En el seno de la Iglesia española en el momento de la llegada de los franceses existió un activo grupo de afrancesados, aunque no muy numeroso, y que merecen nuestra atención. Los eclesiásticos afrancesados españoles pertenecían a la jerarquía y, como el resto de los afrancesados, los había oportunistas y convencidos de emprender reformas. Entre los primeros destacaría un tipo de eclesiástico ávido de no perder su puesto o deseoso de que el poder político le nombrase para alguna dignidad. Pero, en realidad, parecen más interesantes para la historiografía los segundos, los que deseaban que se emprendiesen reformas en España, siguiendo la estela de la Ilustración pero, sobre todo, en el seno de la propia Iglesia. Estos eclesiásticos ilustrados defendían la abolición de la Inquisición y la limitación de las órdenes religiosas. Algunos más avanzados apostaban por el modelo eclesiástico establecido por la Revolución Francesa con la Constitución Civil del Clero, aunque la mayoría se decantaba por la versión más moderada de Napoleón que había pactado con Roma el fin de este modelo que había dividido al clero francés aunque mantenía cierto poder en manos del Estado.
Algunos de los eclesiásticos afrancesados españoles pertenecieron, como muchos de los ilustrados y afrancesados, a la francmasonería, compartiendo experiencias en las logias que se crearon con la llegada de los franceses. Muchos de los eclesiásticos afrancesados fueron tildados de jansenistas pero esta acusación es muy discutible porque no parece que defendiesen las tesis de Jansenio.
El clero afrancesado no compartía el espíritu de cruzada que el resto de la Iglesia española, especialmente los miembros el clero regular, estaba fomentando contra Napoleón y los franceses. El clero verdaderamente afrancesado compartía con el resto de los afrancesados la idea de que lo importante no era la dinastía que reinase sino cómo lo hiciese. Tenemos que tener en cuenta que muchos afrancesados estaban decepcionados con el último Borbón por paralizar las reformas ilustradas y veían en José Bonaparte un monarca interesado por los cambios sin caer en la plena revolución liberal.

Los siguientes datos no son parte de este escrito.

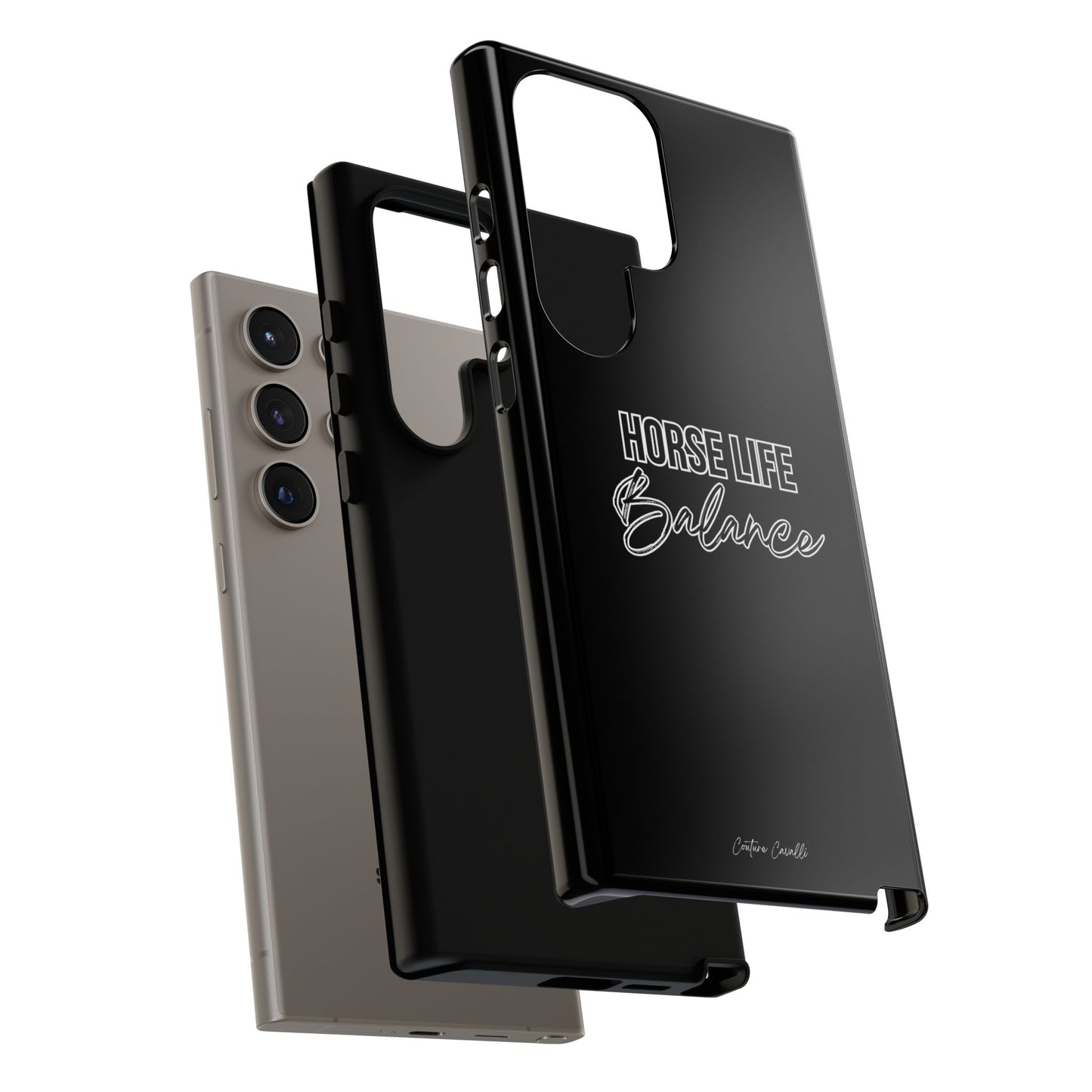 Phone Case - "Horse Life Balance" Glossy Tough Protective Case for Equestrians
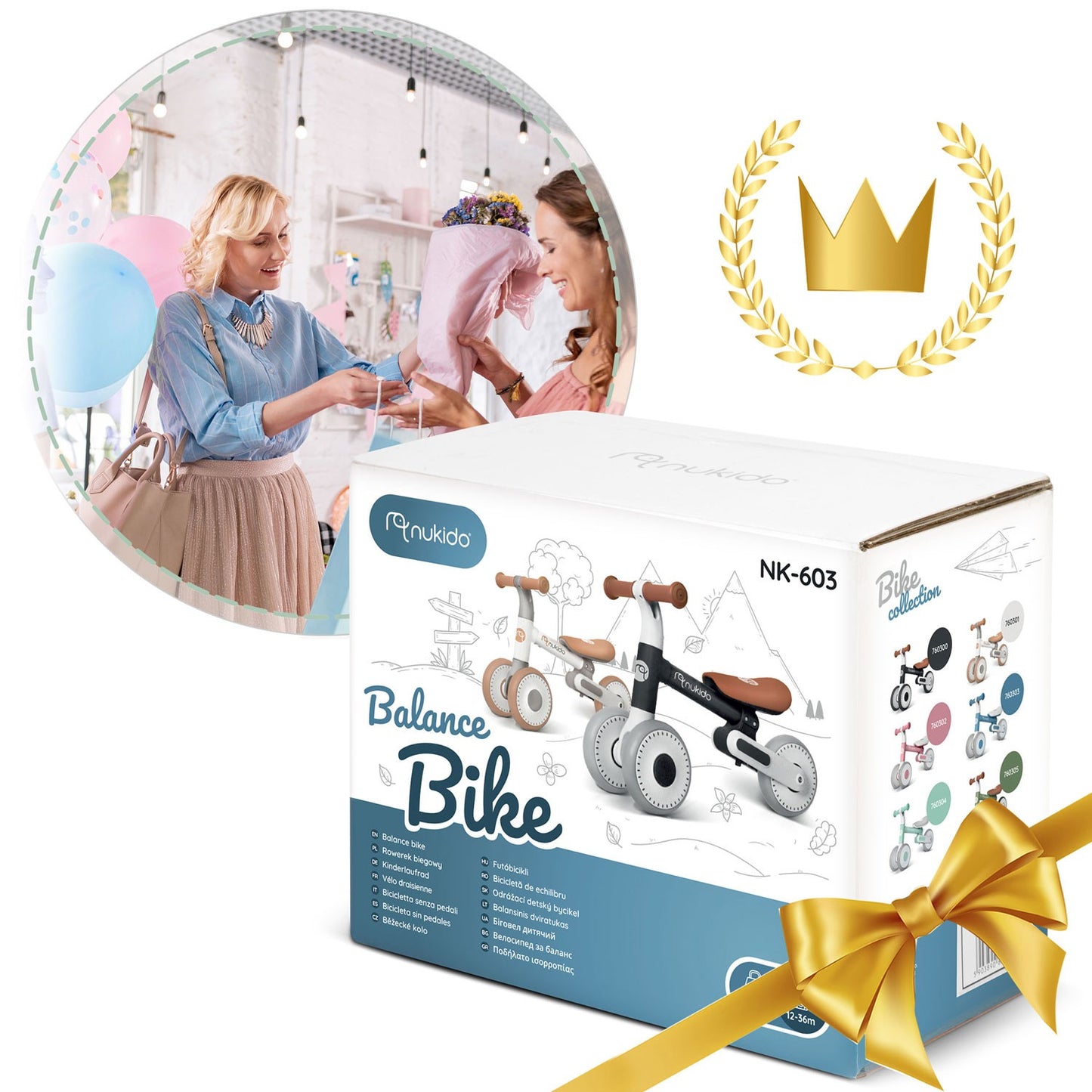 Nukido NK-603 balance bike for children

En este sentido, es muy significativa la opinión que el obispo Félix Amat expuso a principios de julio de 1808 en una carta pastoral en la que expresaba que era Dios quien transfería las coronas y daba “constitución o fundamento firme a los reinos”.

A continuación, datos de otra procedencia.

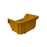 Yellow Stackable Plastic Storage Parts Bins (5 sizes)
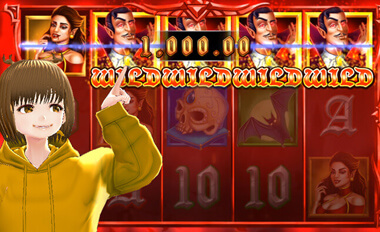 フリースピンで1,000倍配当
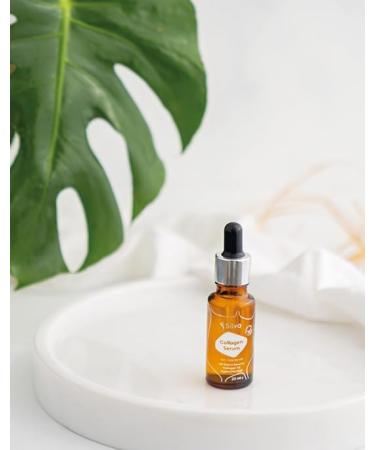  Silva Vitamin C Facial Serum | 10% Concentrated Vitamin C | Facial Care for Pigmentation and Age Spots | Facial Cleansing for Acne and Blemishes | Skin Care (Collagen Serum 40ml) - Buy Online on GoSupps.com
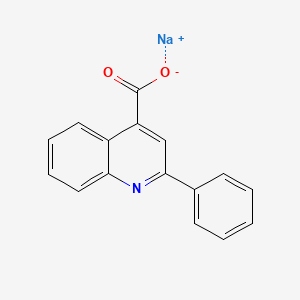 molecular formula C16H11NNaO2 B12956699 4-Quinolinecarboxylic acid, 2-phenyl-, sodium salt (1:1) CAS No. 5949-18-8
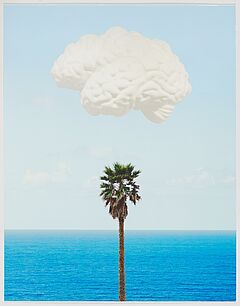 John Baldessari - Brain Cloud With Seascape and Palm Tree, 76080-2, Van Ham Kunstauktionen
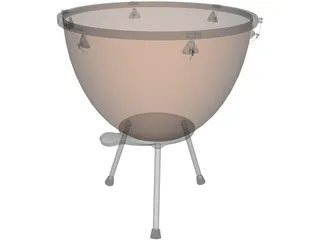 Timpani Drum 3D Model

Entre el clero afrancesado español destacó, sin lugar a dudas, Juan Antonio Llorente, el historiador de la Inquisición, que tanta inquina generó entre el clero reaccionario y elogios en el seno del liberalismo. Llorente envió en 1808 a Napoleón un Reglamento para la Iglesia española muy significativo por lo que expresábamos sobre las ideas de estos eclesiásticos. Llorente proponía al emperador la supresión de las órdenes monacales y una reforma de la organización del clero secular en relación con la división administrativa. Sería nombrado miembro de la Junta Nacional que reconoció a José I y juró la Constitución de Bayona. Posteriormente sería nombrado Consejero de Estado para Asuntos Eclesiásticos y Caballero Comendador de la Orden Real de España en 1809. Tendría que exiliarse en Francia en 1813, para luego regresar a España en el Trienio Liberal y trabajar a favor de la reforma eclesiástica.